As members of Congress return to Capitol Hill on Monday for the final leg of the lame-duck session, they do so knowing that the next several weeks represent the last days of dominance for Democrats in Washington for the foreseeable future.
Unlike the first two years of the Obama administration, when the president's party wielded huge majorities in both houses of Congress, Democrats now face a future without the chairmanships of key committees in the House or the votes in either chamber to pass bills without significant bipartisan support.
With their power slipping away, Democrats are now weighing which base-pleasing issues -- such as immigration and gay rights -- will get precious time on the legislative calendar, and which others must be shelved indefinitely. Complicating that calculation is a host of time-sensitive and high-priced items, like an extension of unemployment benefits and the expiring Bush tax cuts, that Congress must either pass now or allow to expire.
To add insult to injury for the Democrats, the House this week will vote on whether to censure Rep. Charlie Rangel (D-N.Y.) for his 11 violations of House rules, while the Senate will swear in Sen.-elect Mark Kirk, the Republican from Illinois, to take over President Obama's prized Senate seat and give Republicans a crucial added vote in the upper chamber.
With time winding down and deadlines looming, here are the issues that lame-duck Congress will consider:
- Funding the Federal Government.
Congress must act on a "continuing resolution" before Dec. 4 to continue to fund the government at current spending levels or risk a government shutdown. With none of the 12 appropriations bills passed, Democrats and Republicans will also have to come to an agreement about passing all of the measures together in a massive omnibus bill or pass a temporary spending measure that would allow the next Congress to take it up in 2011.
- The Bush Tax Cuts
. The Bush-era tax cuts that Democrats describe as a "time bomb" will return to 2001 levels (as the legislation originally called for) unless Congress acts this month. Republicans and some Democrats want all of the tax cuts -- including those on income, estates and dividends, as well as the child tax credit, the marriage penalty and the Alternative Minimum Tax -- to remain at today's rates permanently for all income levels, while the White House and top Democrats are pushing to keep the cuts only for families making less than $250,000 a year. A deadlock in Congress means all taxes will go up.
- Unemployment Benefits
. People out of work for 26 weeks or longer won't get unemployment checks after Tuesday without Congressional action. Republicans say they'll approve them if they're paid for with cuts elsewhere in the government, a choice Democrats have resisted all year.
- Medicare Payments for Doctors
, The House will vote Monday on keeping payments for doctors treating Medicare patients at current levels instead of letting doctors' rates drop by a double-digit percentage, as they're scheduled to do this week. The Senate will take it up later in the session, but Republicans are expected to balk at the multi-billion-dollar price tag of the temporary bill.
- The DREAM Act:
Look for action Wednesday on the DREAM Act, a bill that would give young illegal immigrants a path to citizenship if they complete two years of college or two years in the military. The DREAM Act has become a top priority for the Latino community this year as it became clear that comprehensive immigration reform would not be politically viable.

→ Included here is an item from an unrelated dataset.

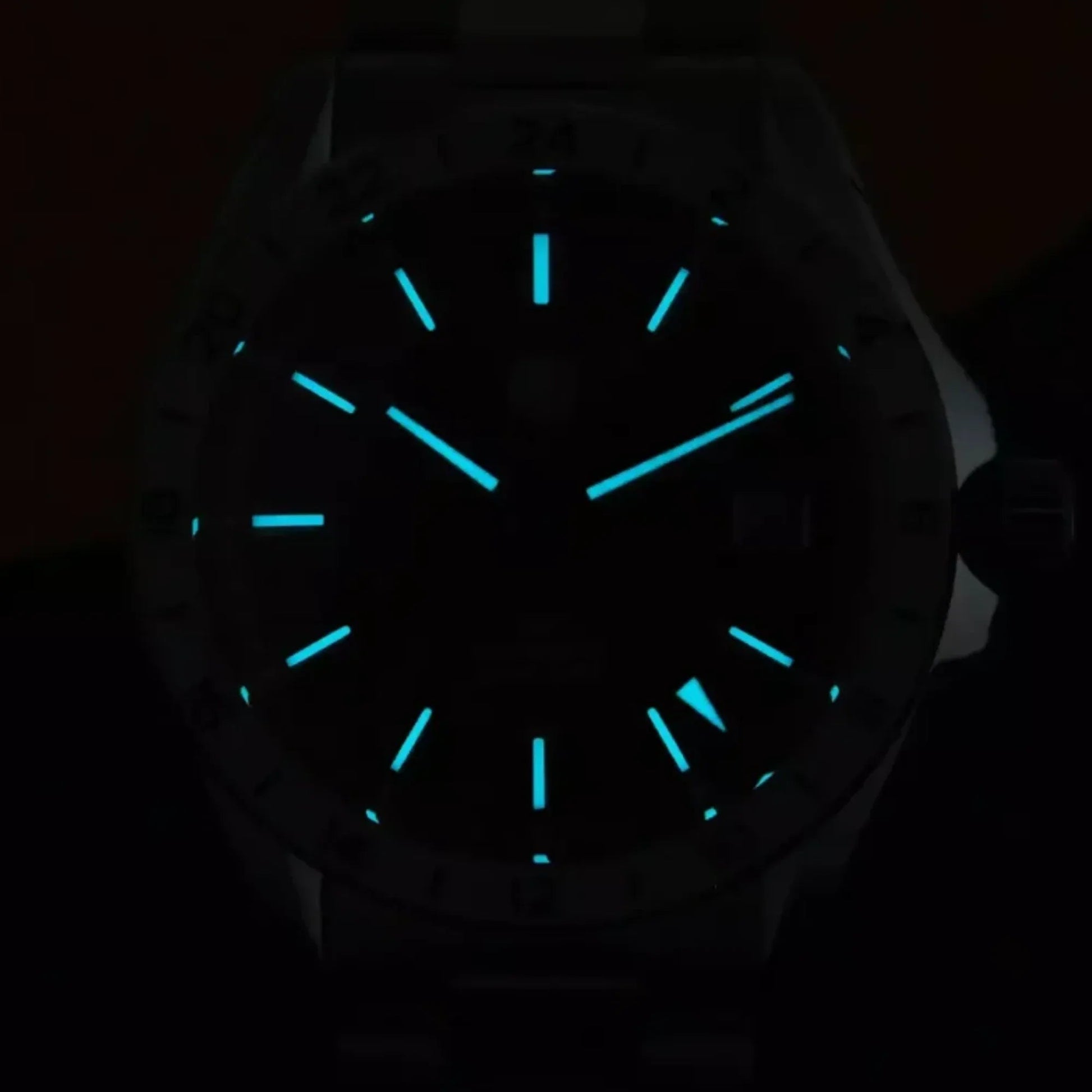 San Martin New 39mm Luxury Men’s Business Dress GMT Watch NH34 Automatic Mechanical Date Windows Waterproof 100m Luminous With Red Agate and Green Jade Dial SN0129-B-1 - DREAM WATCHES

As Senate Majority Leader Harry Reid campaigned for re-election, he promised immigration activists that he would bring the DREAM Act to the floor for a vote this year.
- Don't Ask Don't Tell
. Sen. John McCain (R-Ariz.), the top Republican on the Armed Services Committee, has led the charge against the portion of the defense authorization bill that would begin to lift the ban on gays serving openly in the military. McCain has demanded congressional hearings on the Pentagon report about the issue, which will be released Tuesday. To appease McCain, the Armed Services Committee will hold hearings on Thursday and Friday of this week. But Sen. Lindsey Graham (R-S.C.) predicted Sunday that the issue and the Defense bill won't make it through Congress this year. "It's not going anywhere," Graham said.
- START Treaty
. President Obama has called the nuclear reduction treaty with Russia his top foreign policy priority for the lame-duck session, but a major push from the White House has done nothing to ease opposition from Sen. Jon Kyl (R-Ariz.), the second-ranking Republican in the Senate. Without Kyl's support, Obama won't get the treaty approved by the Senate this year, forcing him to restart START negotiations in the next Congress.
The House and Senate gavel into session on Monday, and leaders say they'll stay in Washington until their work is done.